» Supplied information:

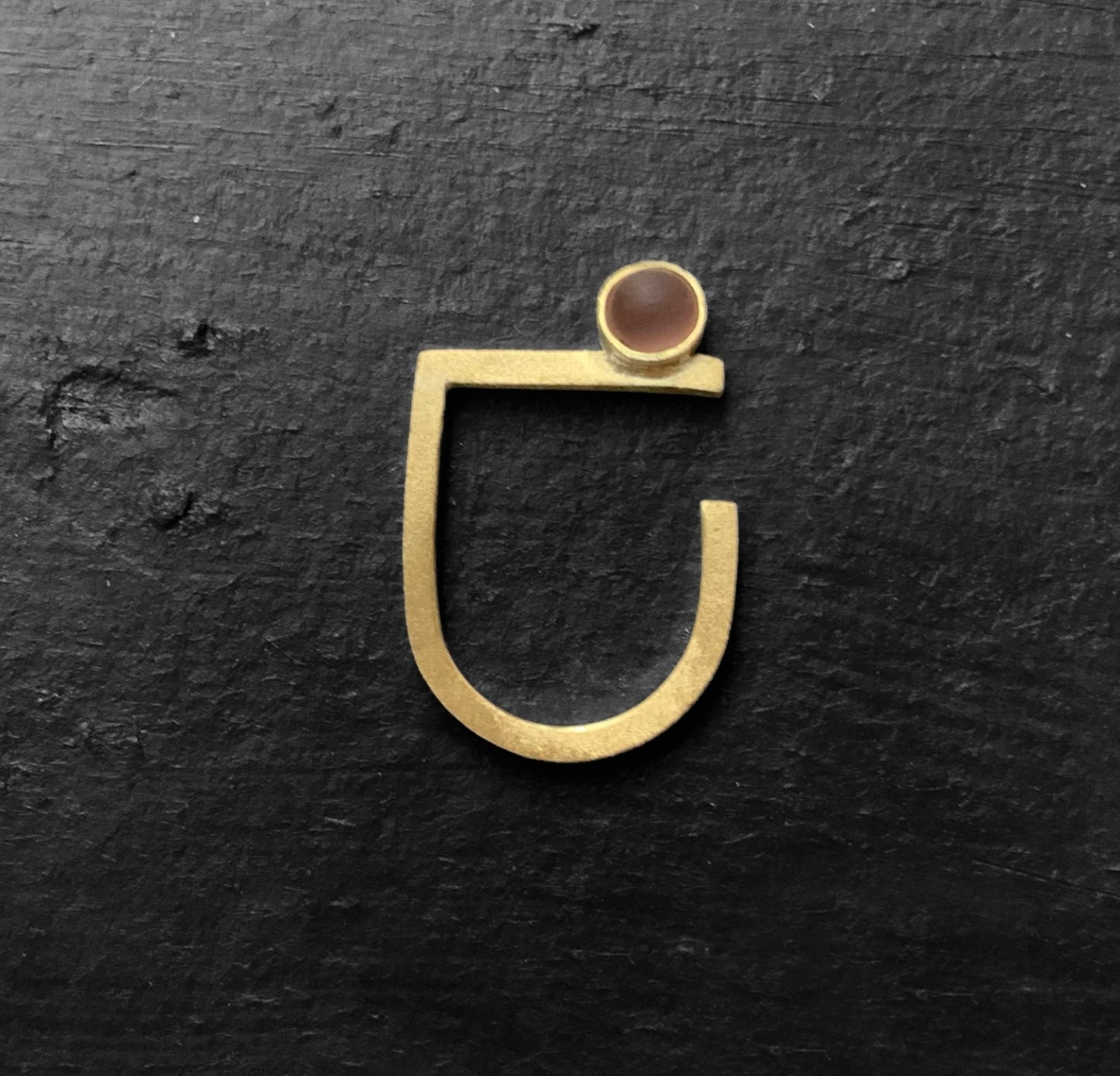 Minimalist gold ring with a frosted peach matte glass accent, designed for a modern sleek look.
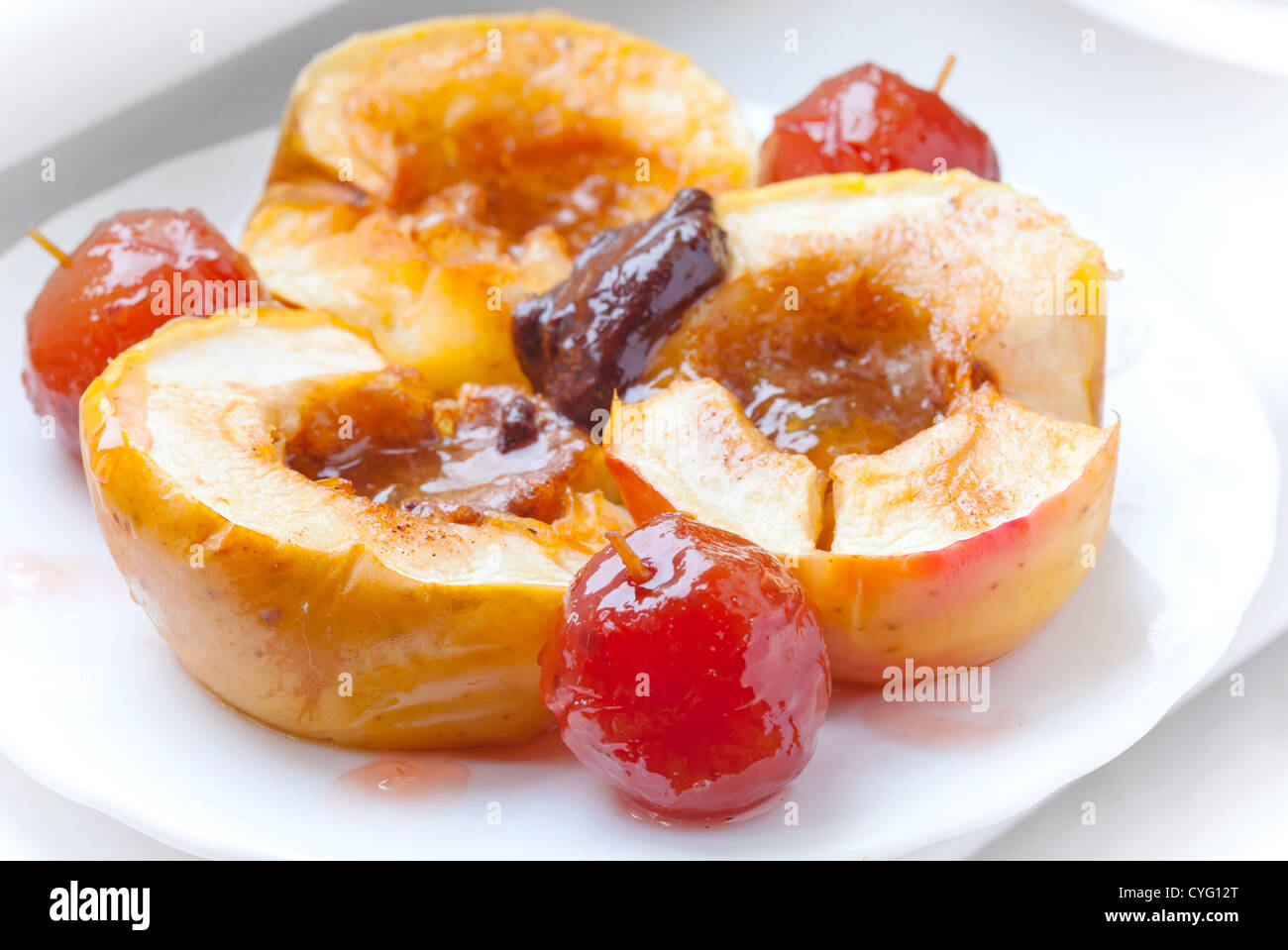Bratäpfel mit Gewürzen, Honig und Schokolade auf weißen Teller Stockfoto
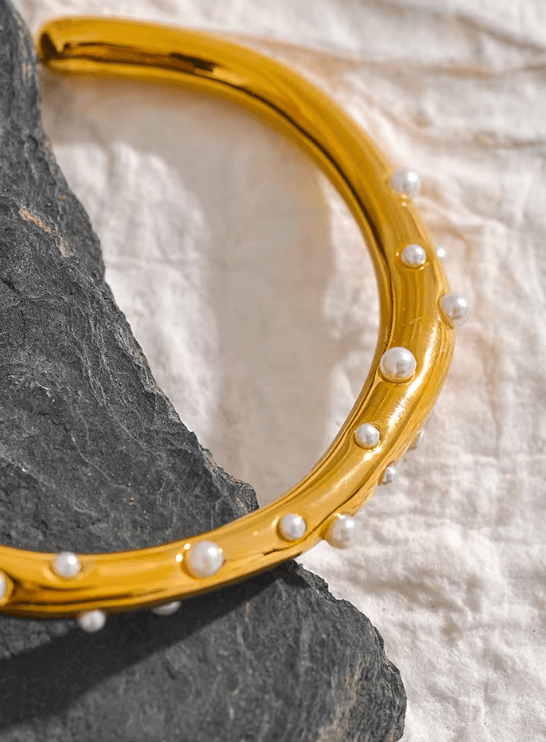 Armband i guld med kristaller och pärlor, elegant och stilrent designat, stilfullt placerat på en svart sten.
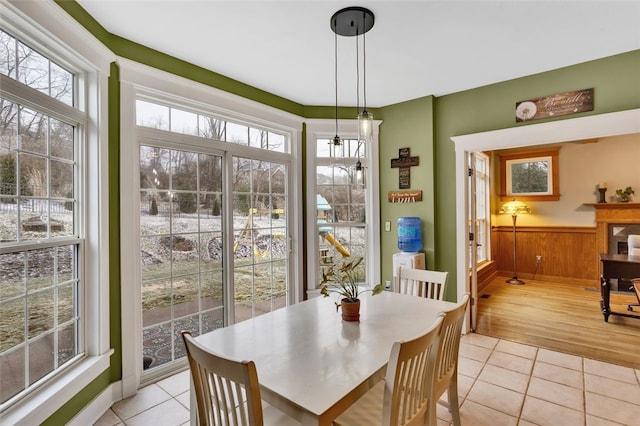 dining area with wainscoting, wood walls, and light tile patterned flooring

» Task requirements: Copy each line of the material above exactly, but not the images.

» Your solution:
 Minimalist gold ring with a frosted peach matte glass accent, designed for a modern sleek look.
Bratäpfel mit Gewürzen, Honig und Schokolade auf weißen Teller Stockfoto
 Armband i guld med kristaller och pärlor, elegant och stilrent designat, stilfullt placerat på en svart sten.
 dining area with wainscoting, wood walls, and light tile patterned flooring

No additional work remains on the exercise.